When the owner of Black Coffee and Waffle Bar set out to find the right spot for his third location, he found there was just something about Fargo.
There were the conventional statistics of Fargo Brad Cimaglio found very attractive.
“Your population has grown like clockwork since 1960.”
Fargo is among the country’s fastest growing cities, gaining more than 15% in population from 2010 to 2017. The local Metropolitan Council of Governmentsestimates the population of the metro to hit 330,500 by 2045, a 41% increase over the current population.
“Your per capita GDP is fantastic.”
Fargo’s median household income is $60,009. The GDP (gross domestic product) per capita for the Fargo Moorhead metro was $58,068 in 2017.
“You’re one of the only cities in the country that was recession-proof back in 2008.”
Livability named Fargo one of the seven most recession-proof cities in the country, citing Fargo’s “strong and educated workforce,” and its “under-the-radar cool factor the rest of the country is just now starting to discover.”
Then there was the way downtown Fargo cinched the deal.
“This area, in particular in downtown Fargo, is ripe for a renaissance, to steal the term from the Renaissance Zone,” says Brad Cimaglio. “The feedback I’ve gotten from locals has all been that this place is going through a revitalization and we wanted to be a part of that. Most of the conditions here make a lot of sense for us so we wanted to come here.”
A Growing Neighborhood
Cimaglio compares what he sees happening in downtown Fargo to what he’s witnessed over the last decade in the North Loop, the fastest growing neighborhood in Minneapolis.

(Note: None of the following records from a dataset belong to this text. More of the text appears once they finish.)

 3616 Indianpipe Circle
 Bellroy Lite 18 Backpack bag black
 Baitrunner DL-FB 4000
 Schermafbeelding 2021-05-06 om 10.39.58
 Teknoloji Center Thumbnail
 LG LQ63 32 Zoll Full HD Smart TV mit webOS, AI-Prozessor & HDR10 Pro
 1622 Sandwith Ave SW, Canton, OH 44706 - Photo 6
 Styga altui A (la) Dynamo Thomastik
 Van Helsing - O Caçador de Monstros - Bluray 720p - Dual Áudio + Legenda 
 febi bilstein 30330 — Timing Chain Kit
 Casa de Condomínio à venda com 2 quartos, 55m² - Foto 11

The good thing about an area going through a revitalization is that it can only improve. Every city goes through its hills and valleys; Fargo is going up from here. You are making the right moves.
“I’m really attracted to the work the Kilbourne Group has been doing in downtown Fargo,” says Cimaglio. “I got to watch the evolution of the North Loop over a decade and see how it changed. I get those vibes here in what Fargo is trying to do, especially in that balance of reclaiming older properties and rehabbing them, but also building new construction in areas where it makes sense to do that.”

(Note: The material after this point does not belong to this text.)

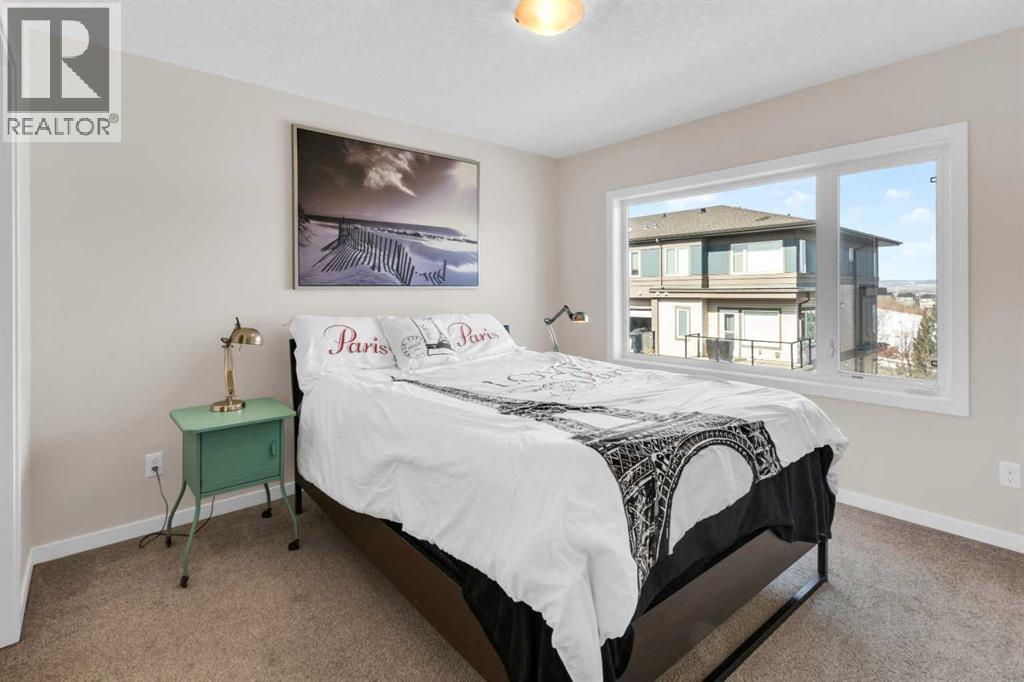 501 River Heights Drive, Cochrane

One difference between the neighborhoods that he’s quick to note: “The North Loop is nowhere near as walkable as Fargo. Fargo blows my mind. The North Loop is fragmented. There are streets that don’t form blocks. Here it’s laid out like a piece of graph paper.”
“We like urban areas,” Cimaglio continues. “The good thing about an area going through a revitalization is that it can only improve. Every city goes through its hills and valleys; Fargo is going up from here. You are making the right moves. We looked at several spots in Fargo and this was clearly the best. The Block 9 project was a big draw, specifically being able to bookend the new plaza.”
A Fortunate Accident
Cimaglio says most of his business has been a fortunate accident. He took over a coffee shop in 2010 which happened to serve waffles, amongst many other things. In 2013, he and business partners decided to streamline the menu – waffles only – and changed the brand to Black Coffee and Waffle Bar.
“We were a coffee shop that served food and thought we always would be,” Cimaglio says. “But today we are definitely a waffle restaurant that serves coffee.”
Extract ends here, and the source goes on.